# Immersions, submersions, embeddings

Some tldr-excerpts from Lee and Spivak formalizing embeddings and stuff.

Topological embedding -- an injective continuous map $f: A\to X$ that is also a homeomorphism onto its image $f(A)$. We can think of $f(A)$ "as a homeomorphic copy of $A$ in $X$" (Lee, 2011).

A smooth map $F: M\to N$ is said to have rank $k$ at $p \in M$ if the linear map ${F_*}_{T_p M}$ ( the pushforward) has rank $k$. $F$ is of constant rank $k$ if it is of rank $k$ at every point.

Immersion -- smooth map $F:M \to N$ whose pushforward $F_*$ is injective at every point, that is $\operatorname{rank} F = \operatorname{dim} M$.

Submersion -- smooth map $F:M \to N$ whose pushforward is surjective at every point, that is $\operatorname{rank} F = \operatorname{dim} N$.

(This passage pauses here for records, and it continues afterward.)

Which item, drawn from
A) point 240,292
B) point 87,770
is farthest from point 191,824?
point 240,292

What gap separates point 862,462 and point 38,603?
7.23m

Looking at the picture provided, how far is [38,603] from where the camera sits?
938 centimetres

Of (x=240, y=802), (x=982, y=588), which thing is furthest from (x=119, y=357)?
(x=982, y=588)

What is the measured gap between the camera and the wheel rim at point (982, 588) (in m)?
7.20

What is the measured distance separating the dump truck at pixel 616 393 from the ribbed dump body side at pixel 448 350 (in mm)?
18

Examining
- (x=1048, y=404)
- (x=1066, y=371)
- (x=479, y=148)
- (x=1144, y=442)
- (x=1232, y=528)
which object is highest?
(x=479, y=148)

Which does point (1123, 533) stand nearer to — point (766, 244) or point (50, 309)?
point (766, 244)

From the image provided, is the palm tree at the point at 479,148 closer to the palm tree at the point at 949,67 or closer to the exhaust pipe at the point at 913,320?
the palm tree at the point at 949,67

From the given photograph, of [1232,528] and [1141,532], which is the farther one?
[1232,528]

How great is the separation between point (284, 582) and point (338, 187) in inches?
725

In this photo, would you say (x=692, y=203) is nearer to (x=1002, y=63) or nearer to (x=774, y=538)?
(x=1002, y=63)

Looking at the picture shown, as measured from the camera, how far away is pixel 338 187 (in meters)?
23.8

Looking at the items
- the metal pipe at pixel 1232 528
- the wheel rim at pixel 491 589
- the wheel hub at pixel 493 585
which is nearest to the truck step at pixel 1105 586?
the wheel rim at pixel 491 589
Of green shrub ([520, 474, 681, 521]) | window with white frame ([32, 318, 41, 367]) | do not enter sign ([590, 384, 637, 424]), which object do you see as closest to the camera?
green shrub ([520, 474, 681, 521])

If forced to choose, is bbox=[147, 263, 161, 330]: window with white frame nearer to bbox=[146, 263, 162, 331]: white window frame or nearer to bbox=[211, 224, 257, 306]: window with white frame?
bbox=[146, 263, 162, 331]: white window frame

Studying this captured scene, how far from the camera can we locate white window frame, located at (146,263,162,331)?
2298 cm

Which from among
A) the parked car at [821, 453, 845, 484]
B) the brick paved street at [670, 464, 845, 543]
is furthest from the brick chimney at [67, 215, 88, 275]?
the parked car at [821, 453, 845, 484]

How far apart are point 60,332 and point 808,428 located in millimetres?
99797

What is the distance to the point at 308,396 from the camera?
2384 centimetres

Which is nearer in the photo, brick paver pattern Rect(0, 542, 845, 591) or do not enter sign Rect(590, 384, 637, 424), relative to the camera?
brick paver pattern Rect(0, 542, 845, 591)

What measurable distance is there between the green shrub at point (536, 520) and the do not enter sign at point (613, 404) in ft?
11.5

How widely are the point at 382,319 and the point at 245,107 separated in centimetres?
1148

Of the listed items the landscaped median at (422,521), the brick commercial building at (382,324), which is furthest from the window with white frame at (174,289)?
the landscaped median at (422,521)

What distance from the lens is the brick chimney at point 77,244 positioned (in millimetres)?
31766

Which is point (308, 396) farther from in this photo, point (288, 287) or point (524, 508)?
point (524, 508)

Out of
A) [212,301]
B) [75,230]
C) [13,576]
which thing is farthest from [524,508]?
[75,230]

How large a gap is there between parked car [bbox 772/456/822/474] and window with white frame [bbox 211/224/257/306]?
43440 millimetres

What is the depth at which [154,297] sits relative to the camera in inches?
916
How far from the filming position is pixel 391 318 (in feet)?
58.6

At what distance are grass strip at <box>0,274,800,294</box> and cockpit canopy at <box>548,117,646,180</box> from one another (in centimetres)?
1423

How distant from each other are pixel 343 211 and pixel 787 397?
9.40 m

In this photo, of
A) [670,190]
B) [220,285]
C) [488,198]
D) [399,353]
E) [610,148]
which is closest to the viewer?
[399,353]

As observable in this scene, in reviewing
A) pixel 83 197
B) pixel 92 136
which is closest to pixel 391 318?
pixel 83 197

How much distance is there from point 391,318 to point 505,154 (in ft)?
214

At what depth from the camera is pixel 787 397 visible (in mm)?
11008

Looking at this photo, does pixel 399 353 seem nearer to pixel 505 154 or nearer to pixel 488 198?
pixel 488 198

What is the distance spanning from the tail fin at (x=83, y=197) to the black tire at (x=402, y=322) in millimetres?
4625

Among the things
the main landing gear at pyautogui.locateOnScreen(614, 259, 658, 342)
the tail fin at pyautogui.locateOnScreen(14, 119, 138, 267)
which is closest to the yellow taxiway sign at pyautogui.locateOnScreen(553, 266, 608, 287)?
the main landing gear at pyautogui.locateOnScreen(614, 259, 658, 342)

(Smooth) Embedding (of a manifold) -- an injective immersion $F: M\to N$ that is also a topological embedding.

So, a map $F: M\to N$ is an embedding, if

1. $\operatorname{rank}F = \operatorname{dim} M$,
2. $F$ is injective,
3. $F$ is a homeomorphism onto $F(M)$ with subspace topology.

# Cone

A cone over topological space $X$ is the quotient

A point $a$ of that cone can be identified with a point $x\in X$ and the distance $\lvert Ox \rvert$ to origin (the apex fiber) $O = X{\times}\{0\}$.

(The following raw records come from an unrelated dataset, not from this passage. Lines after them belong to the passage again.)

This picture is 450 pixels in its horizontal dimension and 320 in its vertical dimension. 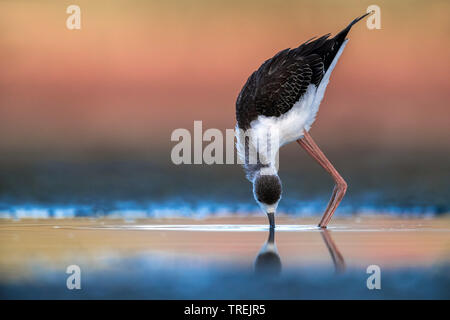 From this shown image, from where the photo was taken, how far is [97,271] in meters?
4.73

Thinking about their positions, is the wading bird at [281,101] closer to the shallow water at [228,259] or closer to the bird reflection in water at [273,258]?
the shallow water at [228,259]

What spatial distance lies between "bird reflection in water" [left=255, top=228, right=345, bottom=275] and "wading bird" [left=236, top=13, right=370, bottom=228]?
134 cm

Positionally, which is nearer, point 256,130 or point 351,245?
point 351,245

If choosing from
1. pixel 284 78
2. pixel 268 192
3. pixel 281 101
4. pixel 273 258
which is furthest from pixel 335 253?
pixel 284 78

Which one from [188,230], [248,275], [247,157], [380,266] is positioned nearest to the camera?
[248,275]

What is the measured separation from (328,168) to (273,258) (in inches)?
130

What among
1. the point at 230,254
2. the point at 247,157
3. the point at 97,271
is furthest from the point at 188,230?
the point at 97,271

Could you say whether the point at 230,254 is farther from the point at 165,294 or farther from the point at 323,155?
the point at 323,155

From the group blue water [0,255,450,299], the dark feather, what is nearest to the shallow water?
blue water [0,255,450,299]

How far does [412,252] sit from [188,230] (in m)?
2.48

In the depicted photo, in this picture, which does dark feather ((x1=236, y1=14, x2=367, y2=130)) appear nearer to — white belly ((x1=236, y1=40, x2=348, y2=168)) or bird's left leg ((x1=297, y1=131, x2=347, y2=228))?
white belly ((x1=236, y1=40, x2=348, y2=168))

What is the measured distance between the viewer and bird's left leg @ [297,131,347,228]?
7.84 meters

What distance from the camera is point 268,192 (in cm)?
684

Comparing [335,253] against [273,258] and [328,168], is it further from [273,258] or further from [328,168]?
[328,168] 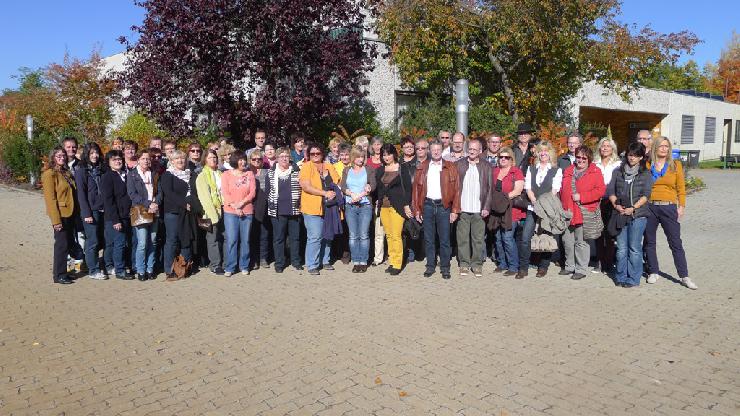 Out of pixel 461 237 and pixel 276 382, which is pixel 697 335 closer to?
pixel 461 237

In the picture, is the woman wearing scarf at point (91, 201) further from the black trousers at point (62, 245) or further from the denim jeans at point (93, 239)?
the black trousers at point (62, 245)

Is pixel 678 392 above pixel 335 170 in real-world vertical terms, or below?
below

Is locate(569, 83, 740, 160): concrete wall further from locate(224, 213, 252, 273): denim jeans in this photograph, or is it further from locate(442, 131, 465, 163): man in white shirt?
locate(224, 213, 252, 273): denim jeans

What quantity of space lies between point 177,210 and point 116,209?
2.51 feet

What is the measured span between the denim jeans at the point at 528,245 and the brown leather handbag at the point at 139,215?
4.97 metres

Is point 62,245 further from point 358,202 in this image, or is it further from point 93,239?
point 358,202

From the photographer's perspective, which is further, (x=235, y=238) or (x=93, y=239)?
(x=235, y=238)

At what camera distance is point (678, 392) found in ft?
14.9

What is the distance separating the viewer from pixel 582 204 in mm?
7746

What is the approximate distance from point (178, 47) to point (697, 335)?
389 inches

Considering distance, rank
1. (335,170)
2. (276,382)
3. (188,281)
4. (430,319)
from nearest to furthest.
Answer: (276,382) < (430,319) < (188,281) < (335,170)

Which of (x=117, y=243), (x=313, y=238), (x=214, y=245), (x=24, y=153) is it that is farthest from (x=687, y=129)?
(x=117, y=243)

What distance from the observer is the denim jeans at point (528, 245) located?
798 cm

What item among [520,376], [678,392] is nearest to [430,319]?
[520,376] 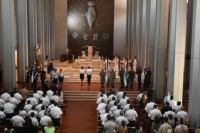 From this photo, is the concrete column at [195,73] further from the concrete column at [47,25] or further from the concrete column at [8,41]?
the concrete column at [47,25]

The reason I care about cones is the notion of the tangent cone of a metric space at a point.

# Further procrastination

• Just learned Sussman (author of SICP) also authored a monograph on differential geometry

• And on classical mechanics

• Moreover, the former followes the concept of Turtle Geomtry and states in its Prologue the approach I admired most since my early childhood: learning things by programming them, thus forcing oneself to be precise and exact in judgements and claims. I'm recalling right now again that first "lecture" on elementary notions of set theory the summer before admission to VSU... Constructing function as a set so it becomes more "tangible" an object. The Katharsis that followed. I didn't realize back then that it's same as in programming. Five years I've been living with guilt and shame that I started as a coder and not a Mathematician. Five years I felt programming is disgusting and despisable thing to do. And only now I truly realize that the thing I loved about it in those first years is the same thing I've fallen in love with Mathematics for that summer of 2014.

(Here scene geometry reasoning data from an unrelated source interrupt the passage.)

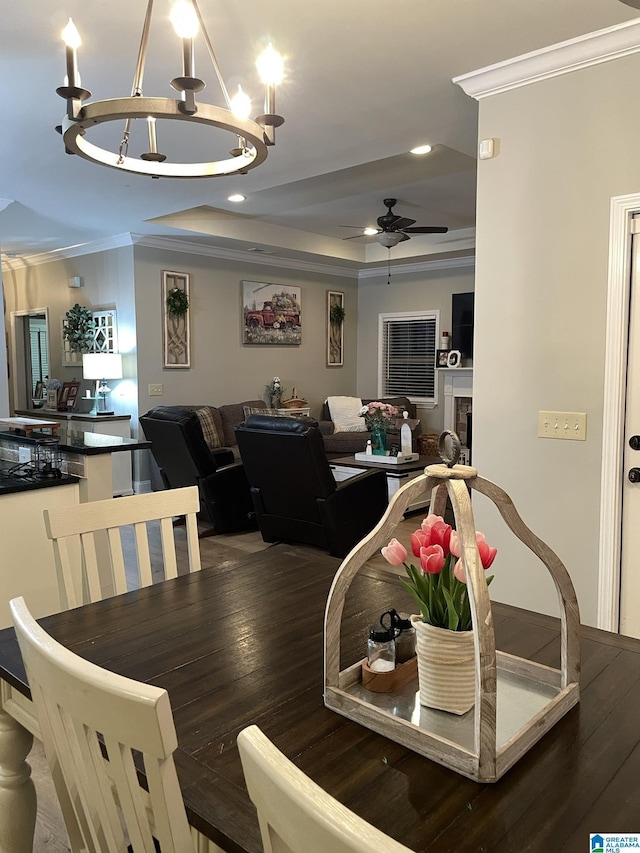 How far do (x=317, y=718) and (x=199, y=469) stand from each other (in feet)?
12.4

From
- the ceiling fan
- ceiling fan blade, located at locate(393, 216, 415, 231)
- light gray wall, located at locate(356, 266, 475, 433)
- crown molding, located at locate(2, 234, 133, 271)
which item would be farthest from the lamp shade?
light gray wall, located at locate(356, 266, 475, 433)

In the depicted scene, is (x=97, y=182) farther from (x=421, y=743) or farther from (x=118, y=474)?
(x=421, y=743)

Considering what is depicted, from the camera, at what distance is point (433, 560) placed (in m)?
1.09

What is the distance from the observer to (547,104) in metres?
2.69

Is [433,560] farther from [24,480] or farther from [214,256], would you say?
[214,256]

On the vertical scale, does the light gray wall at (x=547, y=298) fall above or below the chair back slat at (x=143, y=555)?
above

• Also stumbled upon a tweet mentioning the following interpretation of Laplace operator as measuring average sign of a function around the point. Sort of trivial, and resembles how we derive sufficient min/max conditions, yet I did not notice.

• Majority of these I found in: JAX cookbook

• Update! Accidentally found these slides by Absil giving some historical propspect on the subject

• For instance, the slides mention Luenberger (1973) stating that "we'd perform line search along geodesics... if'twere feasible". Now we're closer to the roots of the whole thing

# MD is not RSGD, but RSGD also does M from MD

The whole idea of trying to parallel mirror descent with following geodesics as in RSGD has come to naught. And not the way one would expect, because MD still seems "type-correct" and RSGD doesn't yet. Long story short: in RSGD we're pulling back COTANGENTS but updating along a TANGENT.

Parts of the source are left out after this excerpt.